Economic Insights: Strategic Developments
The administration of U.S. President Donald Trump is actively evaluating a strategy to intercept and inspect Iranian oil tankers in international waters, leveraging an international agreement designed to curb the proliferation of weapons of mass destruction.
Trump has committed to reinstating the “maximum pressure” campaign aimed at economically isolating Iran and diminishing its oil exports to zero, in order to prevent the nation from acquiring nuclear capabilities.
In this context, Trump has implemented two new rounds of sanctions during the initial weeks of his second term, targeting not only companies but also the so-called shadow fleet—obsolete oil tankers operating without Western insurance while transporting crude oil from sanctioned nations.
These sanctions echo the more limited measures taken by the prior administration under President Joe Biden, during which Iran managed to amplify its oil exports via intricate smuggling networks.
Sources indicate that Trump administration officials are exploring mechanisms to halt and search vessels navigating critical transit points, such as the Strait of Malacca and other vital maritime passages.
Delays in crude oil delivery to refineries are expected as a result of these actions, with potential reputational and financial penalties for participants in these supply chains.
As one source noted, “It’s not necessary to seize ships or apprehend individuals to instill a deterrent effect that makes this trade not worth the risk.” The uncertainty introduced by delayed deliveries disrupts the illegal trade networks.

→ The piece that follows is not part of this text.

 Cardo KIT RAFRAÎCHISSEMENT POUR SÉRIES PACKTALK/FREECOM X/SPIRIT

The U.S. administration is considering the possibility of conducting inspections at sea under the auspices of the Proliferation Security Initiative, which was established in 2003 and aims to impede trafficking in weapons of mass destruction.
This initiative, led by the United States, has been endorsed by over 100 governments.

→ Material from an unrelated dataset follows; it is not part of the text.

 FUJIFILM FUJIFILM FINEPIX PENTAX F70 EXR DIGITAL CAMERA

According to one source, this approach could empower foreign governments to target Iranian oil shipments upon Washington’s request, effectively delaying delivery operations and harming the supply chains crucial for Tehran’s revenue generation.
Discussions regarding maritime inspections have reportedly reached the National Security Council, which is responsible for policy formulation within the White House.
Whether the U.S. has preliminary agreements with countries that are part of the security initiative to gauge their willingness to cooperate with this proposal remains uncertain.
John Bolton, the former lead negotiator for the initiative, stated that utilizing this framework to impede Tehran’s oil exports “would be entirely justified.” He emphasized that the sale of oil clearly provides revenue for the Iranian government to fund proliferation activities and support terrorism.
On March 2, Iranian President Masoud Bouchakian informed Parliament that Trump had once again imposed sanctions on numerous vessels, generating ambiguity concerning the delivery of oil and gas shipments.
In light of past encounters, it is anticipated that attempts to detain Iranian oil shipments may provoke reactions from Tehran. The U.S. previously attempted to intercept two Iranian oil shipments in 2023 during the Biden administration, prompting Iran to detain foreign vessels—including one chartered by Chevron—which resulted in escalating crude oil prices.
Ben Cahill, an energy analyst at the Energy and Environmental Systems Center at the University of Texas, noted that the current decline in oil prices could provide Trump with greater latitude to disrupt Iranian oil flows, including the implementation of sanctions on tanker companies and vessel detentions.
“If oil prices remain below $75 per barrel, the White House will have a wider range of sanctions that could impact supplies from Iran and other countries. Implementing such measures becomes significantly more challenging at prices around $92 per barrel,” he commented.
Cahill continued, expressing that a firm U.S. stance could potentially decrease Iranian exports by approximately 750,000 barrels per day in the short term. However, the longer the sanctions are in place, the less effective they may become, as Tehran and its buyers find methods to circumvent them.
Moreover, an increase in oil exports from the Kurdistan Region of Iraq could help offset any decline in Iranian exports. The U.S. has reportedly urged Iraq to resume oil exports from Kurdistan; failure to comply could result in sanctions comparable to those imposed on Iran.
Despite the sanctions introduced in recent years, the U.S. Energy Information Administration estimates that Iran’s oil exports generated around $53 billion in revenue in 2023, a slight decrease from $54 billion in the previous year, largely due to trade relations with China.
Iran relies heavily on its oil exports to China for necessary revenue. Similarly, Russia, which faces its own sanctions and restrictions, is increasingly targeting crude exports to China and India.
In the past several months, Finland and other European nations have expressed concerns over the environmental risks posed by ships navigating close to their shores, particularly regarding potential oil spills.
While European countries have discussed searching vessels carrying Russian oil, with little action taken, the discussion surrounding inspections of ships transporting Iranian oil remains largely untouched.